» Records supplied:
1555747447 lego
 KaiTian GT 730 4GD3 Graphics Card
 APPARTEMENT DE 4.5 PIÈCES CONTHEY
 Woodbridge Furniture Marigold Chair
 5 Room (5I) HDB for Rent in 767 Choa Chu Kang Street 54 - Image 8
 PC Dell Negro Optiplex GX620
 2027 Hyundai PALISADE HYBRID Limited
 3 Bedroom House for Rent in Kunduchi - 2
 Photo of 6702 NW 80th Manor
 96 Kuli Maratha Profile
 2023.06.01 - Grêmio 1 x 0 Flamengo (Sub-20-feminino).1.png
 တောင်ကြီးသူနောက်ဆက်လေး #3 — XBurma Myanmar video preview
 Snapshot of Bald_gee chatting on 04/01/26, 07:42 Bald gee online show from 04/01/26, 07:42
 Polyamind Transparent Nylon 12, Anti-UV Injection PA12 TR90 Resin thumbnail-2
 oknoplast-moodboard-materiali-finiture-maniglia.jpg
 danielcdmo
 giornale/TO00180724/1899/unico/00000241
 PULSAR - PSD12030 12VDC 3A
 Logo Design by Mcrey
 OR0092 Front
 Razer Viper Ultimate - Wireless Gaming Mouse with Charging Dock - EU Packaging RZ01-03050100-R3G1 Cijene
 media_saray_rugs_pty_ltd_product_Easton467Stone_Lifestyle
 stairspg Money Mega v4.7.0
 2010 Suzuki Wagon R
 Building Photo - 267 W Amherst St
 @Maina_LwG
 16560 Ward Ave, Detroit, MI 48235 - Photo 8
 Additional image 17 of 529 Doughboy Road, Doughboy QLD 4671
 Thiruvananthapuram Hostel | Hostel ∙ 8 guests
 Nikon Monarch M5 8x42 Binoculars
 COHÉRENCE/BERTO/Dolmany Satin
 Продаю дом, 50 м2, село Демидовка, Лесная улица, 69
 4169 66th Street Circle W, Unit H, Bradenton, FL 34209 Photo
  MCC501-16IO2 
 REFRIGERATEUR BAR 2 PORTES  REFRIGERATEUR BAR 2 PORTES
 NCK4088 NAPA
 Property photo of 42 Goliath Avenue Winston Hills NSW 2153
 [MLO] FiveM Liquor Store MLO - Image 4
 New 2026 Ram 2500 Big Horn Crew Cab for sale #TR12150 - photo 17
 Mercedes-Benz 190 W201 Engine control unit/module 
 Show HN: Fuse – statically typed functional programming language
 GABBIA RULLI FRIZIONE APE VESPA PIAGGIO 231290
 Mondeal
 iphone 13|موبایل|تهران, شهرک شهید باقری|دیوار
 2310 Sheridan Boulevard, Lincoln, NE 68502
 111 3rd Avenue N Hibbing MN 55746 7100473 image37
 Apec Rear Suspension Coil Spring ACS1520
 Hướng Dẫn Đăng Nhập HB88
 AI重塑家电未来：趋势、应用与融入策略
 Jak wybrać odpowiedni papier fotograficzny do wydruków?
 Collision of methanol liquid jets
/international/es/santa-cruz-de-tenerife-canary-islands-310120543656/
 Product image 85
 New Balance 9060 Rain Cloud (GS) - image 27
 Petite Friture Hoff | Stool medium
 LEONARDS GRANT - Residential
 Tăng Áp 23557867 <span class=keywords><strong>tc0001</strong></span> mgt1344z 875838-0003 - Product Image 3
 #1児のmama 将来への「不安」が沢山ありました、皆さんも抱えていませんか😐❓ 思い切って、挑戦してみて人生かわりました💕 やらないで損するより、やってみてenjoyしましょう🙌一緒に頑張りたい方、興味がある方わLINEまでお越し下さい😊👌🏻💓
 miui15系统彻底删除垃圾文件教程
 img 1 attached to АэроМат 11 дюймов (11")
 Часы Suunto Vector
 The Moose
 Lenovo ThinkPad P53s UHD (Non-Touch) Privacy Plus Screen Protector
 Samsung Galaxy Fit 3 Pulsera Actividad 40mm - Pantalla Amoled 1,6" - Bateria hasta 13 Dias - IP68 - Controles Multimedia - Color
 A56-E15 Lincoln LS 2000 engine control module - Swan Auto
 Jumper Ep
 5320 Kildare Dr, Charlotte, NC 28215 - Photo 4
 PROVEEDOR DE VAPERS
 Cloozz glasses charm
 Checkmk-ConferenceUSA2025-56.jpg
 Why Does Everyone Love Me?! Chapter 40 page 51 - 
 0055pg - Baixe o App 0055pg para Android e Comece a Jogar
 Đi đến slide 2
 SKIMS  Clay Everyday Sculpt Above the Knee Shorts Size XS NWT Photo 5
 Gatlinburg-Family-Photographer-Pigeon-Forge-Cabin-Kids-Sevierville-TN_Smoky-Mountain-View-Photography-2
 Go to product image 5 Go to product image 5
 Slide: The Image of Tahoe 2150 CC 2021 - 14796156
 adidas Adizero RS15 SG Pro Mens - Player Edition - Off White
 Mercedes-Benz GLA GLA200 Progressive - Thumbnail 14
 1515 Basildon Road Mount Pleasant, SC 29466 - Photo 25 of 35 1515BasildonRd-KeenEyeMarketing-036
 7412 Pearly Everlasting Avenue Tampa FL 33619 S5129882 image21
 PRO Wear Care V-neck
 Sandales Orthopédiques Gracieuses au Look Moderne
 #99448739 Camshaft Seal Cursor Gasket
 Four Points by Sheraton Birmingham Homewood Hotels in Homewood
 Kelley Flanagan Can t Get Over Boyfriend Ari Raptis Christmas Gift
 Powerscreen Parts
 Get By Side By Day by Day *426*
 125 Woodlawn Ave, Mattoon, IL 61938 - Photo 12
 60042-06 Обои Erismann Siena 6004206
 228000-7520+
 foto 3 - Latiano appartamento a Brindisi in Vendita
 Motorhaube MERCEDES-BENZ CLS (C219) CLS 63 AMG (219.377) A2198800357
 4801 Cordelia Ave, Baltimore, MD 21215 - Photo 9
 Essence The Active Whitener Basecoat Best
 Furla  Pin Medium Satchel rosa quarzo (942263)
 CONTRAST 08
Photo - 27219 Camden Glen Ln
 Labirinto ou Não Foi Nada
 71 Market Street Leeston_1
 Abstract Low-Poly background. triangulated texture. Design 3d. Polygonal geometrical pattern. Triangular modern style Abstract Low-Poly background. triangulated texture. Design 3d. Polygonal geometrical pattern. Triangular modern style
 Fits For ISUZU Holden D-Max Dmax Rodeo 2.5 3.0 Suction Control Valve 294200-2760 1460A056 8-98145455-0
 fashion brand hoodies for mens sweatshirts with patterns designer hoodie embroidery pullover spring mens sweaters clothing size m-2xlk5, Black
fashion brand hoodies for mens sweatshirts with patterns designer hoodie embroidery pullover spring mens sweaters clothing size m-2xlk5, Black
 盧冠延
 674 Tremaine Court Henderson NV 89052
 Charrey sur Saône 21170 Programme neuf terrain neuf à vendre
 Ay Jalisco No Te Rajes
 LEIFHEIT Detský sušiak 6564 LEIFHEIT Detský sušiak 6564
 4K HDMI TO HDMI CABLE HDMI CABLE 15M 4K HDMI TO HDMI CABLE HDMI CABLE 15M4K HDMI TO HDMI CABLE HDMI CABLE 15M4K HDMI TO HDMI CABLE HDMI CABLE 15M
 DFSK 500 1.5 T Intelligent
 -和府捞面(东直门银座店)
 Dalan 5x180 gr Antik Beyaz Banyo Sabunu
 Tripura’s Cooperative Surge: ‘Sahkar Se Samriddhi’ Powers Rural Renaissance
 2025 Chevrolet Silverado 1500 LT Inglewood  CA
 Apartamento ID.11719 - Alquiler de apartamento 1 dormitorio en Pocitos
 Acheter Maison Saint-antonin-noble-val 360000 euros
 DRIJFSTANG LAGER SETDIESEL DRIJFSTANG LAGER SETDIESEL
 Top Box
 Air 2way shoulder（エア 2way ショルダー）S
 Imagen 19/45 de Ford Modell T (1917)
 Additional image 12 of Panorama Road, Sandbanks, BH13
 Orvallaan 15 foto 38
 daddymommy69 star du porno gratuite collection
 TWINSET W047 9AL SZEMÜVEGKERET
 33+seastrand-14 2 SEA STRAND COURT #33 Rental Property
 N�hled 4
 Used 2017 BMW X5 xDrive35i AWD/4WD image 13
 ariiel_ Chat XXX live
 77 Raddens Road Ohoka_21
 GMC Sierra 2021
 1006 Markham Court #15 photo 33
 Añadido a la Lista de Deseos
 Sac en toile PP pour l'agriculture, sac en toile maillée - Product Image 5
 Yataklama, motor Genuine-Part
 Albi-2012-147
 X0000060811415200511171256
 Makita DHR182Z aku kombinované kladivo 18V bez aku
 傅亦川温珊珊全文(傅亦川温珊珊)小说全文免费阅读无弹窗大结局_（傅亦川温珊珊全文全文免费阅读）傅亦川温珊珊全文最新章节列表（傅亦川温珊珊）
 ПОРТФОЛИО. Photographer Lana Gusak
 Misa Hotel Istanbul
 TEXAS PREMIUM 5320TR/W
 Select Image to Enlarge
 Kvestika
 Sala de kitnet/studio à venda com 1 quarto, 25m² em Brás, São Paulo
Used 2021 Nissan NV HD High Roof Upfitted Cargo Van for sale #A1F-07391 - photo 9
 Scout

» Assignment: Print only these lines, please. They run from the start of the entries above to the line containing "media_saray_rugs_pty_ltd_product_Easton467Stone_Lifestyle", both ends included, and must match exactly.

» Answer section:
1555747447 lego
 KaiTian GT 730 4GD3 Graphics Card
 APPARTEMENT DE 4.5 PIÈCES CONTHEY
 Woodbridge Furniture Marigold Chair
 5 Room (5I) HDB for Rent in 767 Choa Chu Kang Street 54 - Image 8
 PC Dell Negro Optiplex GX620
 2027 Hyundai PALISADE HYBRID Limited
 3 Bedroom House for Rent in Kunduchi - 2
 Photo of 6702 NW 80th Manor
 96 Kuli Maratha Profile
 2023.06.01 - Grêmio 1 x 0 Flamengo (Sub-20-feminino).1.png
 တောင်ကြီးသူနောက်ဆက်လေး #3 — XBurma Myanmar video preview
 Snapshot of Bald_gee chatting on 04/01/26, 07:42 Bald gee online show from 04/01/26, 07:42
 Polyamind Transparent Nylon 12, Anti-UV Injection PA12 TR90 Resin thumbnail-2
 oknoplast-moodboard-materiali-finiture-maniglia.jpg
 danielcdmo
 giornale/TO00180724/1899/unico/00000241
 PULSAR - PSD12030 12VDC 3A
 Logo Design by Mcrey
 OR0092 Front
 Razer Viper Ultimate - Wireless Gaming Mouse with Charging Dock - EU Packaging RZ01-03050100-R3G1 Cijene
 media_saray_rugs_pty_ltd_product_Easton467Stone_Lifestyle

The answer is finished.